Reuters reported Britain's economy is showing signs of recovery, but any improvement is likely to be small compared to the sharp drop in output caused by the global financial crisis, Bank of England Governor Mervyn King said in a published interview. King's remarks on growth are broadly in line with testimony he gave to British lawmakers last week, and he also reiterated his view that Britain needed to rebalance its economy to focus more on exports.
German business confidence rose to a 12-month high in September, indicating Europe's largest economy will gather strength after exiting its worst recession since World War II.
In company news Thursday, Bed Bath & Beyond (BBBY) posted second-quarter earnings per share (EPS) of $0.52, vs. $0.46 one year earlier, on a 3.3% total sales rise. Same-store sales fell slightly. Wall Street was looking for $0.48 EPS.
Shares of A123 Systems (AONE), a maker of rechargeable lithium-ion batteries and battery systems, shot higher Thursday in their first day of public trading.
Red Hat (RHT) reported second-quarter non-GAAP EPS of $0.20, vs. $0.14, on a 12% revenue rise. Deferred revenue rose 17% to $581 million. Red Hat posted $0.15 GAAP EPS. The company said financial performance was strong across all of its key metrics.
Paychex (PAYX) reported first-quarter EPS of $0.34, vs. $0.41, on a 6% total revenue decline. The company said weak economic conditions, the credit crisis in the financial markets, and extremely low investment rates of return continue to challenge financial results for fiscal 2010. It sees a fiscal 2010 total revenue decline of 2%-5%, and a net income decline of 10%-12%.

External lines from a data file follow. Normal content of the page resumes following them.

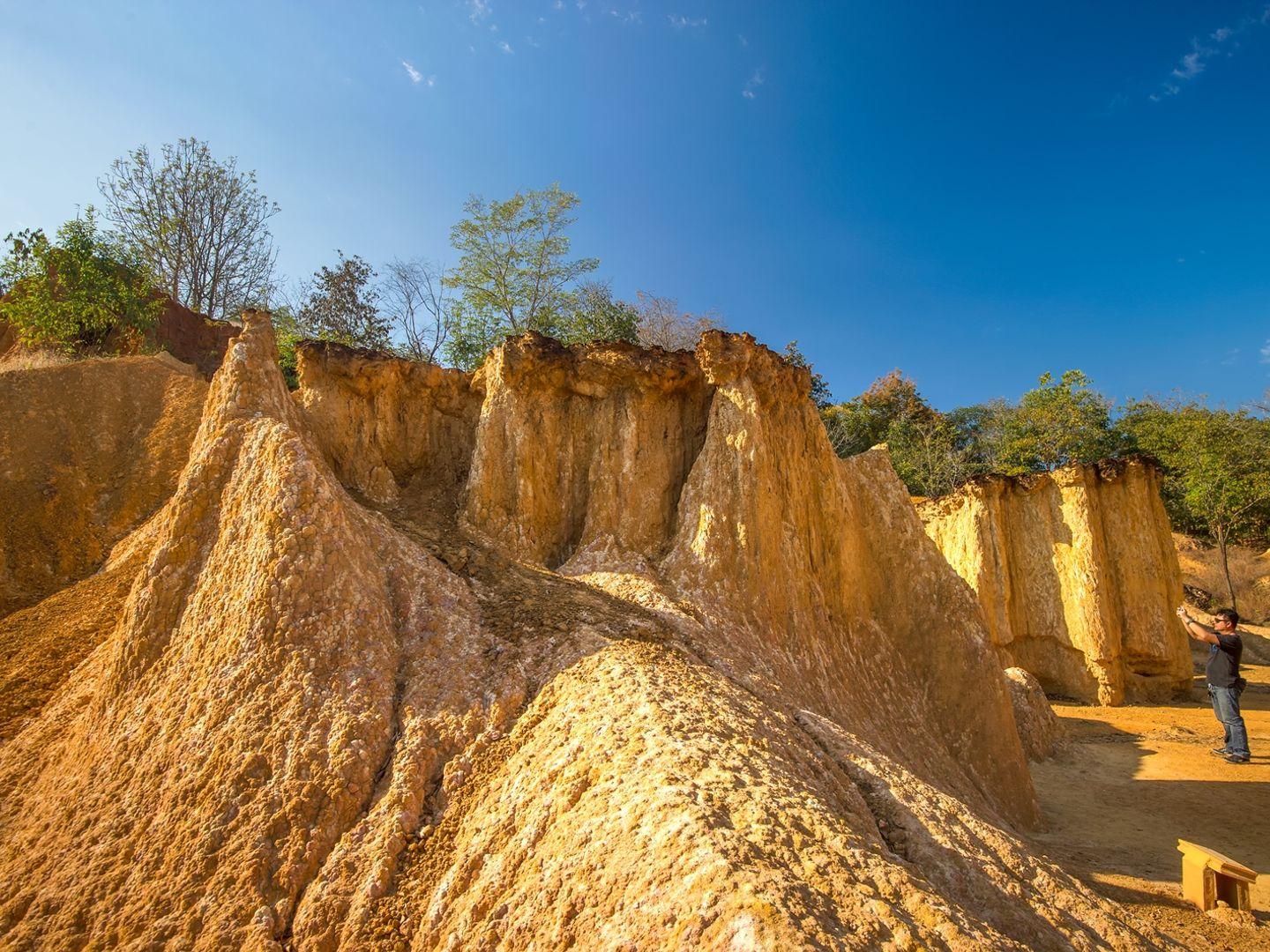 วนอุทยานแพะเมืองผี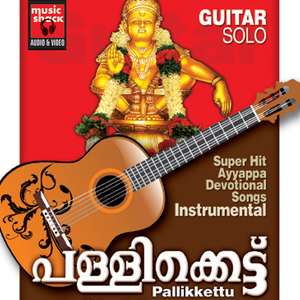 Ayyappa (Instrumental)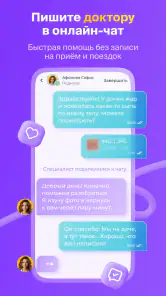 НаПоправку - врачи онлайн 24/7 screenshot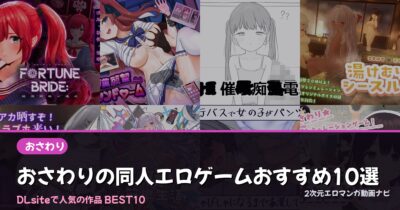 おさわりの同人エロゲームおすすめ10選【2026年最新】｜DLsite人気ランキング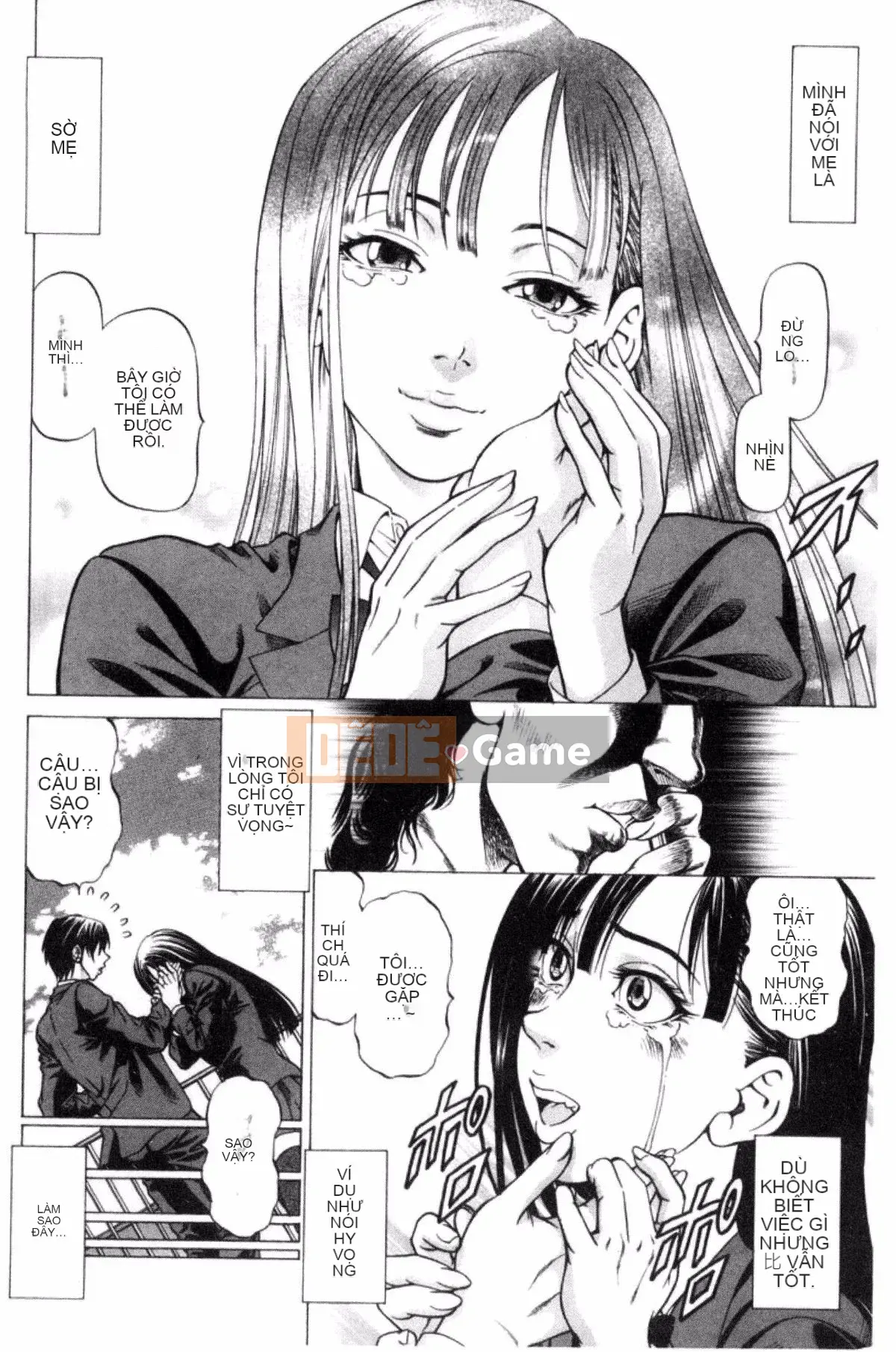 [Shigeyuki Kobuki] Sokuzen ~Sokuiki~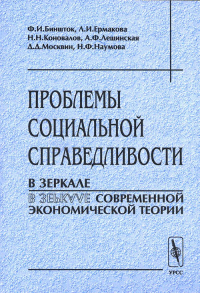 Проблемы социальной справедливости в зеркале современной экономической теории. Биншток Ф.И., Ермакова Л.И., Коновалов Н.Н., Лещинская А.Ф., Москвин Д.Д., Наумова Н.Ф.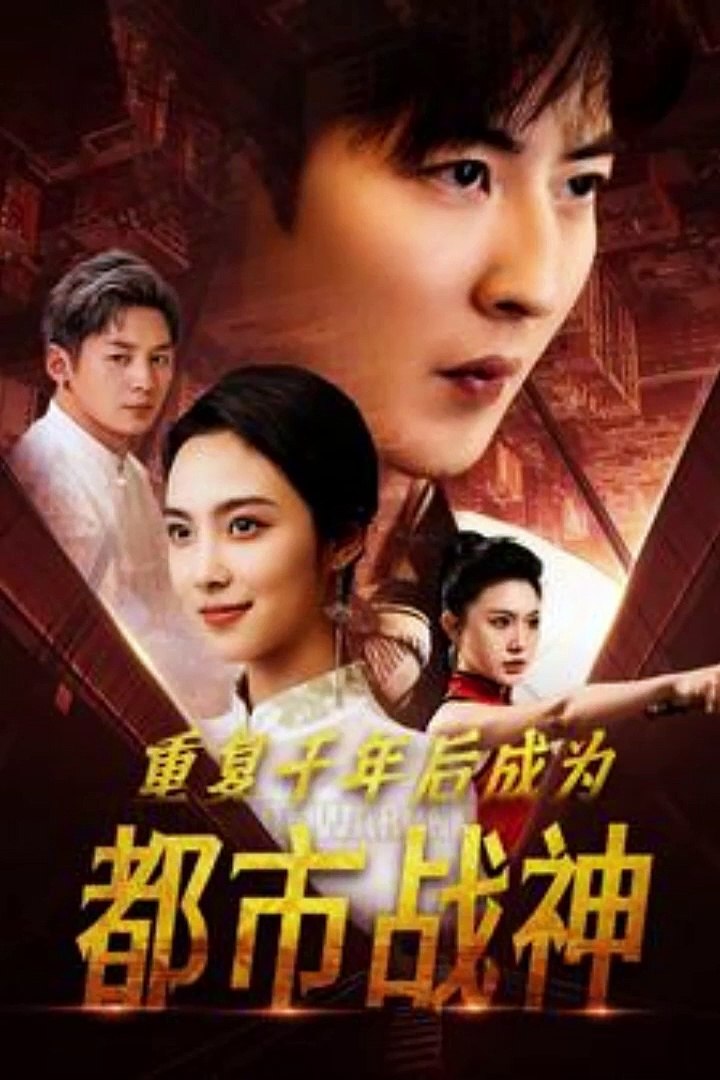 重復(fù)千年后成為都市戰(zhàn)神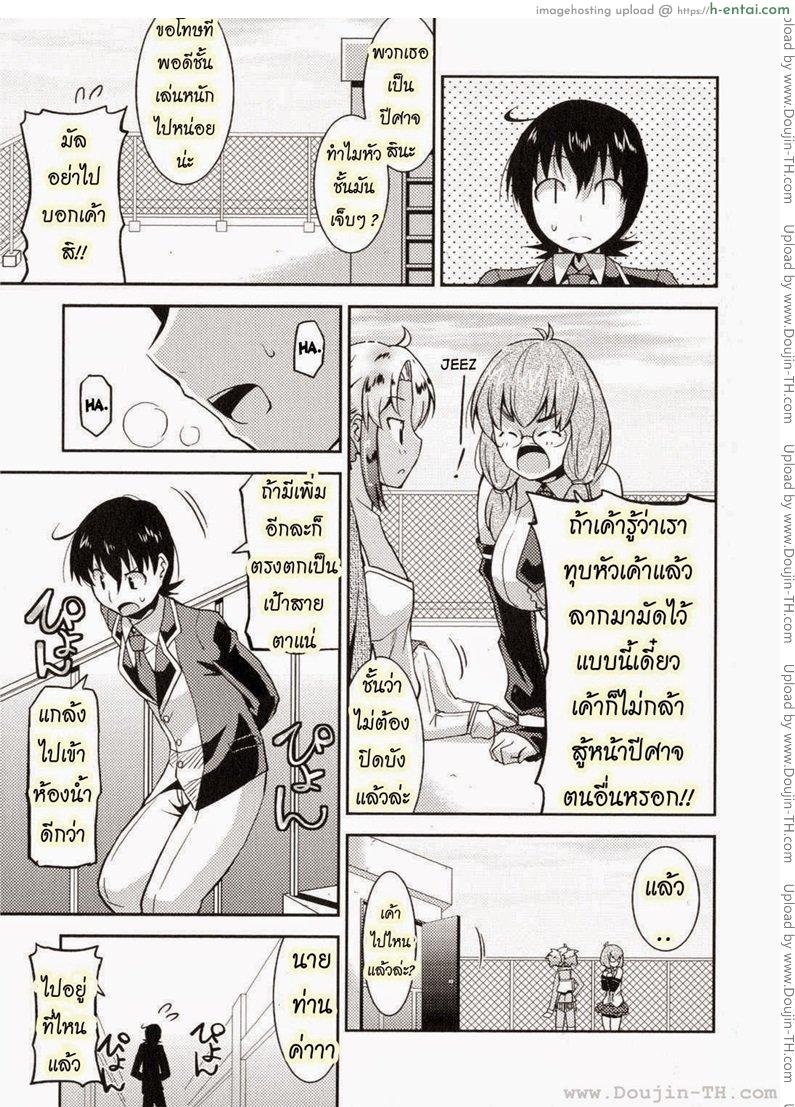 ท่านราชามารที่รัก 3 - แผ่น 3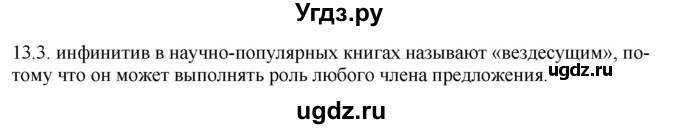 ГДЗ (Решебник) по русскому языку 11 класс Долбик Е.Е. / §13 / 13.3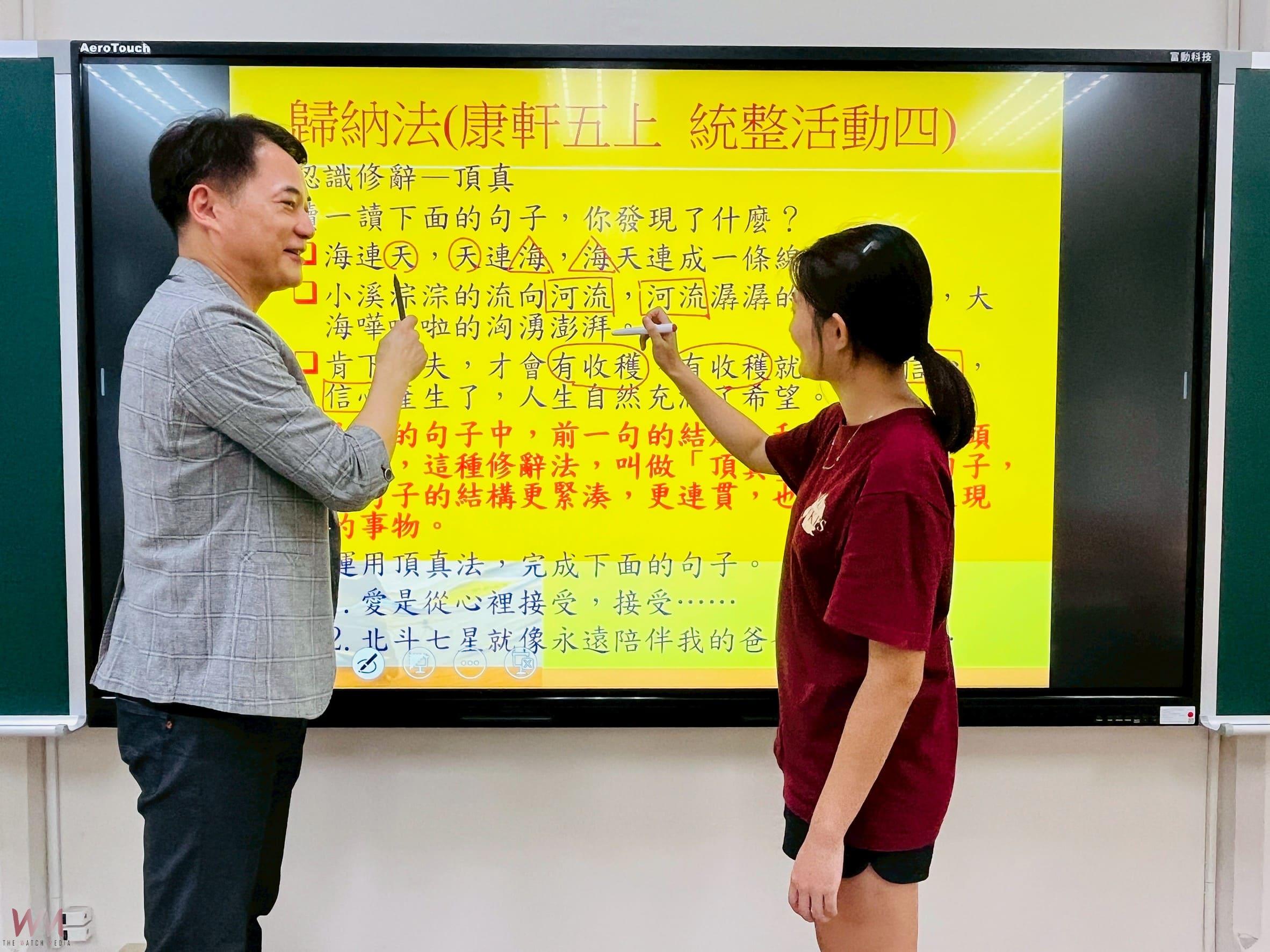 大屏AI 教學更有戲　中教大升級互動式大屏與中小學教學場域接軌 - https://www.watchmedia01.com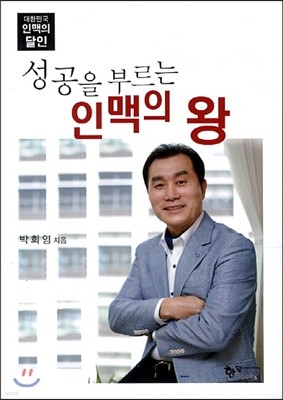 성공을 부르는 인맥의 왕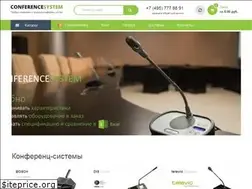 Sites similar to conferencesystem.ru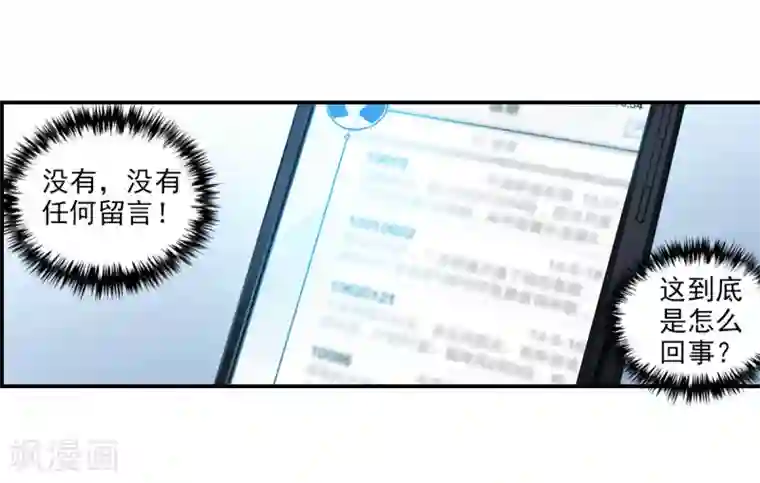 给我闭嘴！第30话1 误入歧途的少女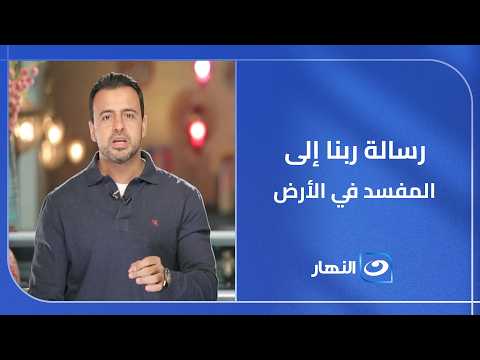 رسالة ربنا إلى المفسد في الأرض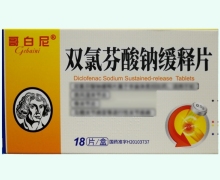 哥白尼双氯芬酸钠缓释片价格对比 18片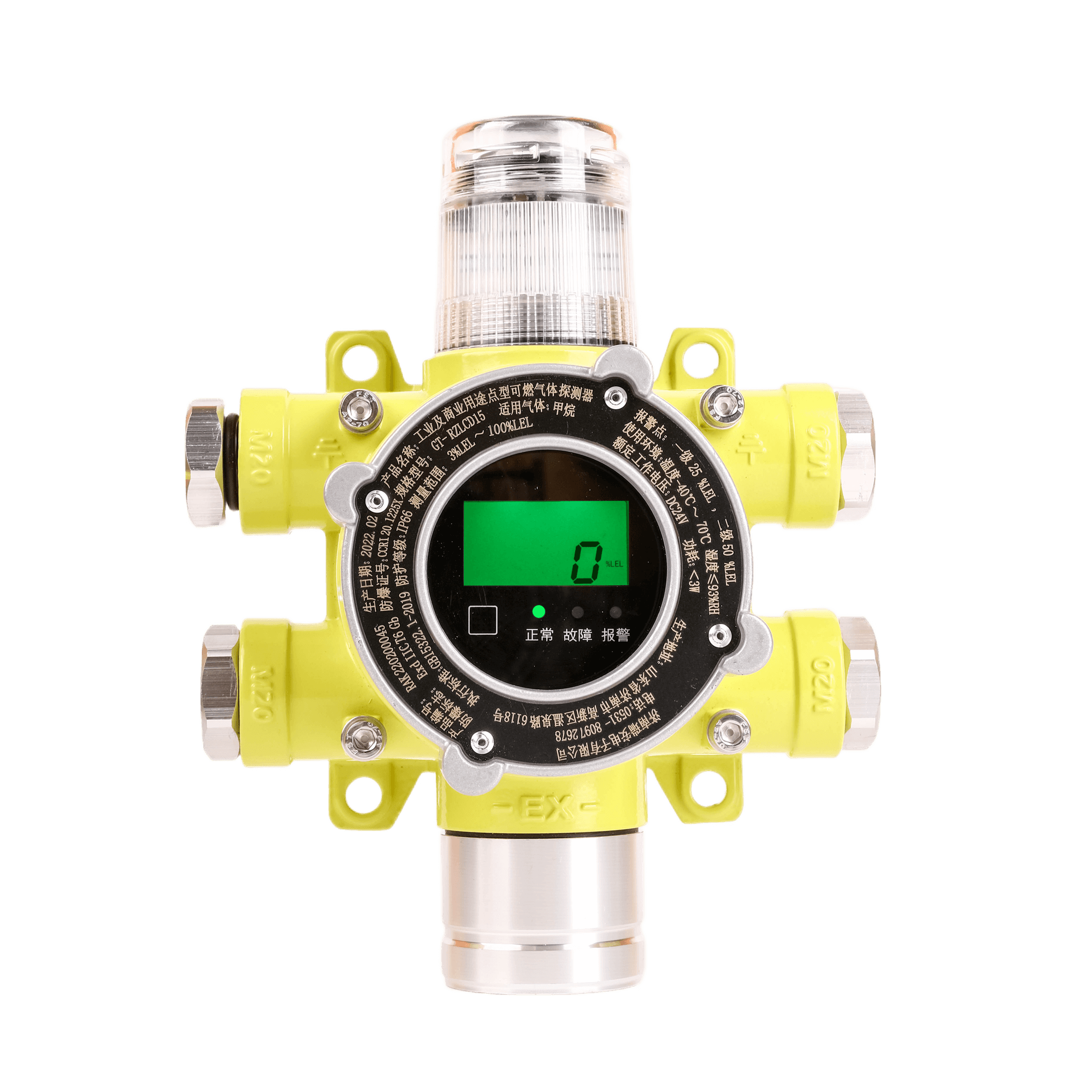 RZLCD15獨立式氣體(tǐ)探測器(qì)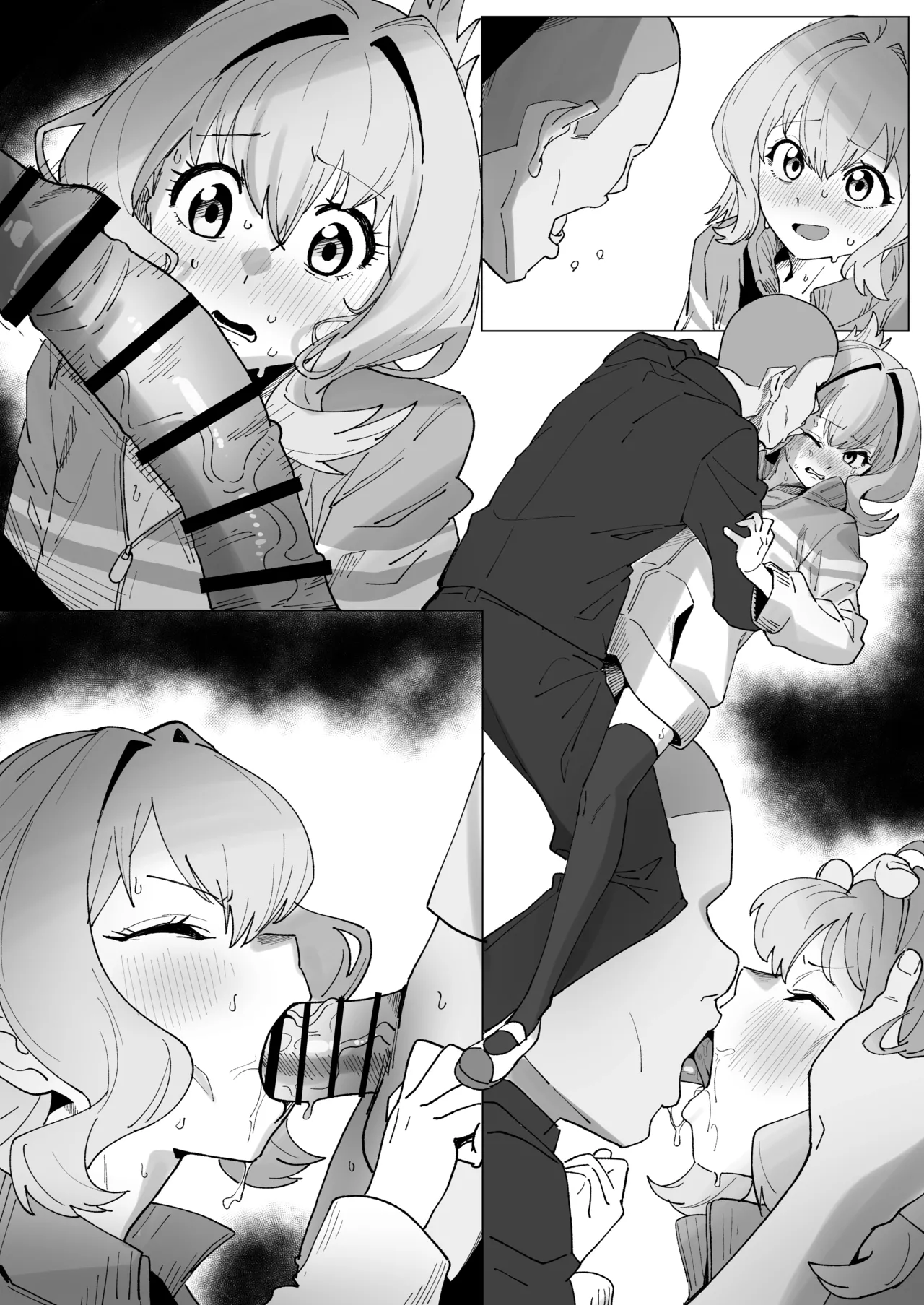 限界っ！？尾鳥たん page 4 full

McCormick & Co. (MCK) reported third-quarter earnings per share of $0.57, vs. $0.52, on a 1% sales rise (6% in local currency). The company reaffirmed its 2%-3% 2009 sales growth forecast; based on strong year-to-date profit performance and a positive outlook for the upcoming holiday season, the company narrowed its 2009 EPS forecast to $2.26-$2.28 from $2.24-$2.28.
Citigroup (C) may sell or shut some of its 1,001 branches in the U.S. and Canada as the bank shrinks following last year's $45 billion federal bailout, a person familiar with the matter said in a Bloomberg News report.